El día se nos había puesto lluvioso, daba igual porque andábamos con la alegría pegada a los zapatos por las cosas que planeábamos para el día. Íbamos a comprar el regalo para el nuevo amigo de la pequeña…Un saharaui tierno y sonriente con el que habías pasado unos días de juego y confidencias aunque él apenas hablaba español y tú te explicabas lenta para que te entendiera. “Rotuladores, de colores, muchos, para que pinte en el Sahara, Yaya, y un cuaderno enorme, con un boli azul como el cielo. También un estuche para guardarlo todo” me decías. Doblamos una esquina y ahí estaba. Los ojos se nos chocaron a ambas con ella. Despeinada, con la piel curtida de muchos soles y alguna madrugada, la boca huérfana de dientes con la mueca de la desolación dibujada en los subsumidos labios. Lloraba. Lloraba con terneza, con la misma consistencia que el agua que caía del cielo para liberar de sequía y de calores a una ciudad poco acostumbrada a ello.

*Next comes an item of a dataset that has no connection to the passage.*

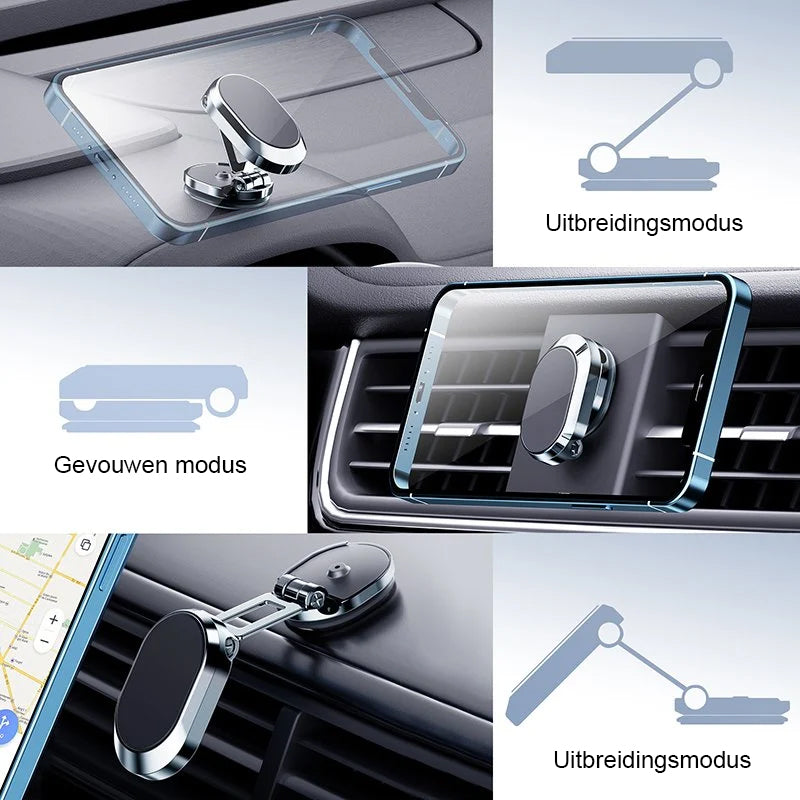 Magnetic phone mount displayed in both expanded and folded positions to show its versatile design.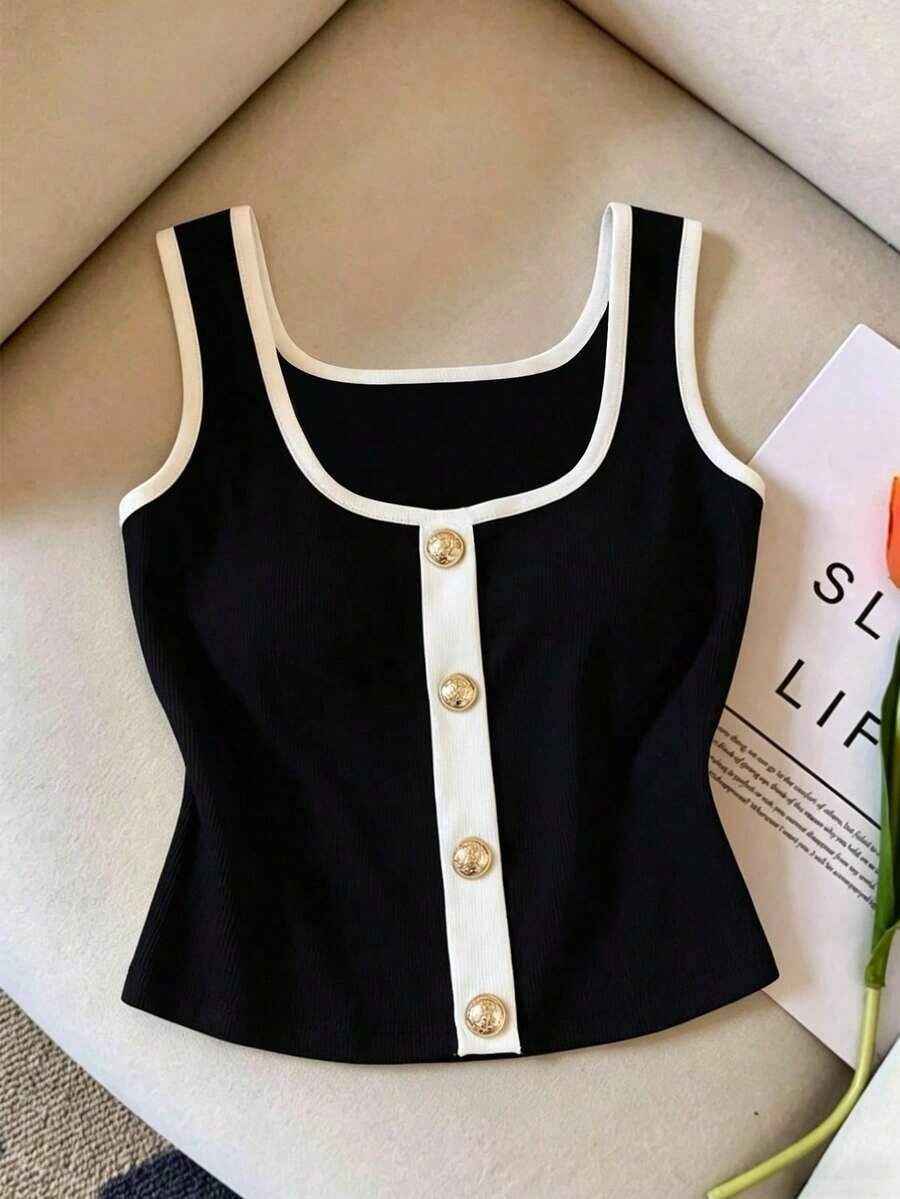 sin mangas con hebilla de metal en contraste negro y blanco, estilo francés, fresco y elegante para el verano - Multicolor 3 - Ver 1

Nos miró. La miraste. Al momento tornaste los ojos hacia mí como si yo pudiera amparar aquel llanto que producía congoja. Nos dijo que tenía hambre, que llevaba dos horas en esa esquina y nadie le hacía caso. “Tengo hambre, señora, pero más que eso necesito un abrazo y nadie me mira, nadie me hace caso”
A las dos se nos encogió el alma. Tú con esos ojos que dibujan penas, preguntas y alegrías me miraste de nuevo como pidiendo solución. Nos paramos. Me paré, abrí la cartera y saqué cinco euros, sintiéndome mezquina y a la vez impotente. “Gracias señora, dos horas, sabe y nadie me mira” La regalé el abrazo que mendigaba mientras ella se deshacía en llanto y bendiciones hacia nosotras.
Seguimos el camino. Yo con lágrimas, tú con preguntas. ¿Cómo explicarte que una ciudad llena de gente no ve a una mujer que llora en una esquina y mendiga un abrazo?
María Toca
Tal cual.
Historia real, ocurrida este pasado sábado. Y muy triste.